= Alcuin Deutsch =

American abbot (1877–1951)

Alcuin Henry Deutsch (February 13, 1877 – May 12, 1951) was an abbot of St. John's Abbey in Collegeville, Minnesota.

== Biography ==
He was born to German parents in Valla, then Hungary, an area which has historically been variously part of Austria or Hungary. He emigrated to Minnesota with his parents when he was four. After graduating high school, he became a novice at St. John's and made first profession in 1897; his monastic name patron was the scholar and liturgist Alcuin of York. He studied at St. Anselm's in Rome. After ordination, he taught at college and seminary in St. John's Abbey, advancing to the position of seminary rector.

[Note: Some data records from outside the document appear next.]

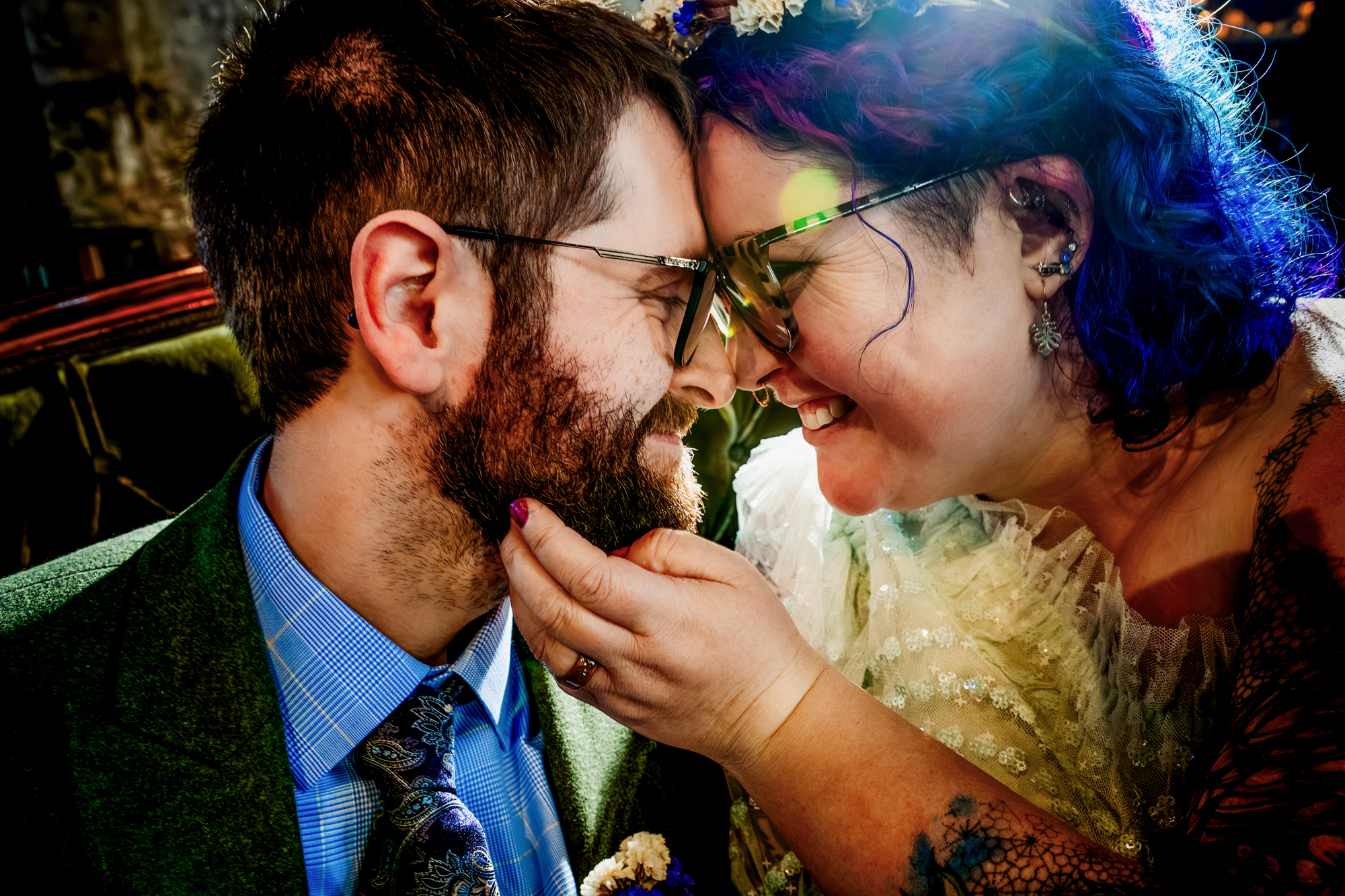 Close-up of the couple touching foreheads and smiling, with colorful lighting reflecting in their glasses.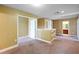Upstairs loft area featuring carpet and access to additional rooms and bathrooms at 2412 Country Pond Ct, St Cloud, FL 34771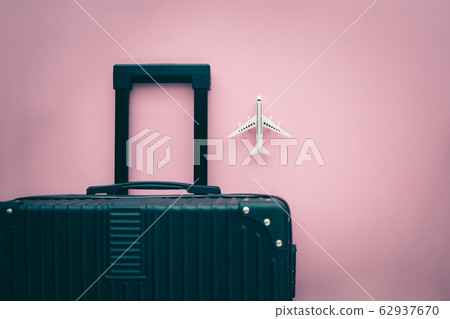 Black luggage and white airplane model on pink background Black luggage and white airplane model on pink background 62937670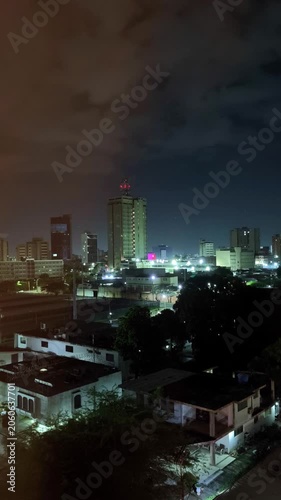 Urban skyline at night with glowing office towers, apartment buildings, and street lights under a dark cloudy sky. A moody cityscape showing downtown lights and residential rooftops.
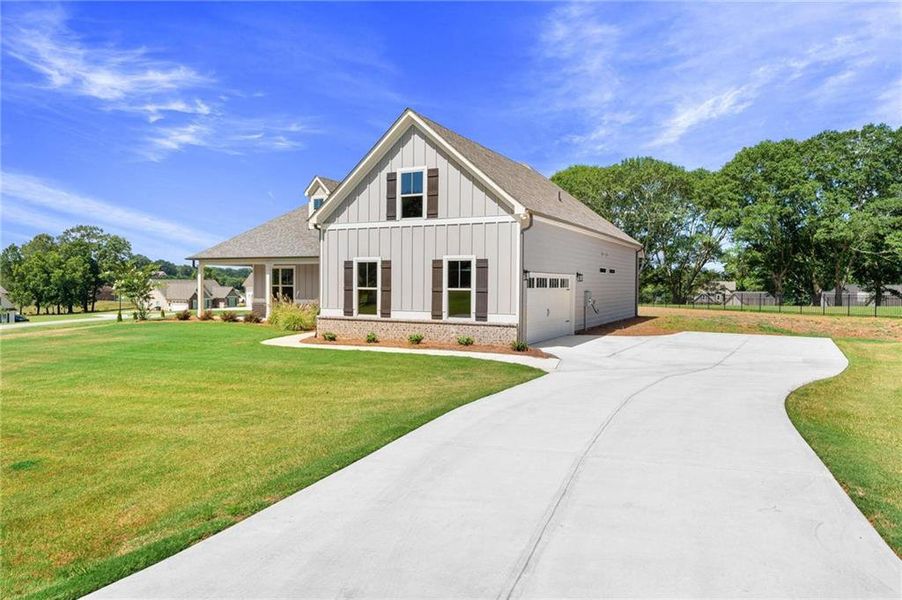 Front exterior of a new home in , Jefferson, GA, highlighting curb appeal (Image 20).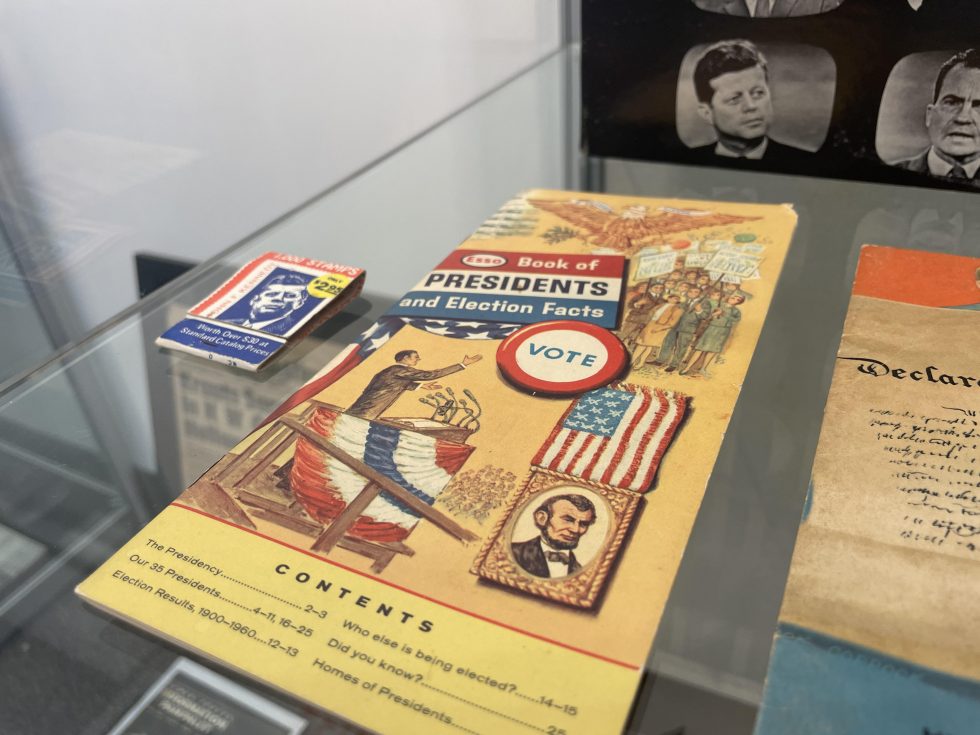 A collection of election memorabilia on a glass case, including a book of stamps with the image of John F. Kennedy, a “Book of Presidents and Election Facts,” photos of John F. Kennedy and Richard Nixon, and a partially visible pamphlet of the Declaration of Independence.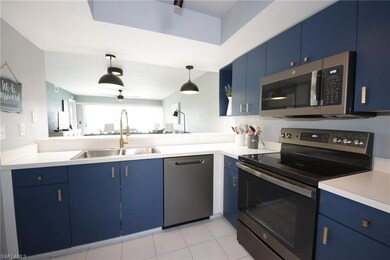 Kitchen featuring stainless steel appliances, blue
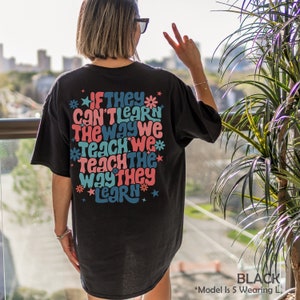 May include: Black t-shirt with a colorful graphic print that reads "If they can't learn the way we teach we teach the way they learn".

He was made prior of the abbey in 1917 and then elected abbot in 1921. His motto was taken from Martin of Tours: Non recuso laborem ("I do not refuse the work"). Many projects of expansion and new foundations followed. St. John's Abbey became an interracial monastery in 1941, and the university of which he was president had black resident students since the early 1920s. For the twelve years from 1932 to 1944, he served the American-Cassinese Congregation as its president. He encouraged the restoration of the monastic liturgy and sacred Gregorian chant; as a scholarly reference for liturgy, he founded the periodical Orate Fratres and commissioned Virgil Michel to study in Louvain beginning in 1924 and to study the Liturgical Movement in Belgium and establish relations with its leaders. The Liturgical Press was founded in 1926. It also published a journal similar to Orate Fratres for nuns, it was called Sponsa Regis. Deutsch devoted time and attention to the secular oblates, as well. For them, he composed a Manual for Oblates in 1937 and founded a monthly bulletin called The Oblate. He encouraged and sponsored the publication of a Short Breviary for lay brothers and oblates.

Abbot Alcuin received the papal privilege of wearing the cappa magna in 1923. In 1943, the Vatican granted him the use of the purple biretta and skull cap; he seldom used them. From 1947 on, Abbot Alcuin struggled with poor health, brought on by over-work. His obituary in Orate Fratres notes that "He died on the Vigil of Pentecost, having made his weekly confession a few hours earlier." Since his namesake, Alcuin of York, had died on Pentecost, the date was significant.

During the twenty-nine years of his abbatiate, the number of monks at St. John's Abbey increased steadily. When he died, it was the largest Benedictine community in the world. Baldwin Dworschak was his successor.

== Missionary initiatives ==
During his service, St. John's founded missions in Mexico and Puerto Rico. Also, the Abbey has served all the Catholic parishes in the Bahamas and the Vicars Apostolic of that territory were monks sent there by Abbot Alcuin. Several monks from Collegeville were sent to fledgling abbey in various parts of the United States: Mark Braun led St. Gregory's Abbey in Shawnee, Oklahoma; Cuthbert Goeb went to Assumption Abbey in North Dakota; Severin Gertken took charge of Muenster Abbey in Saskatchewan, as did Michael Ott before him. He launched an interracial monastery in Kentucky during times of segregation. Monks were even sent from Minnesota to Japan.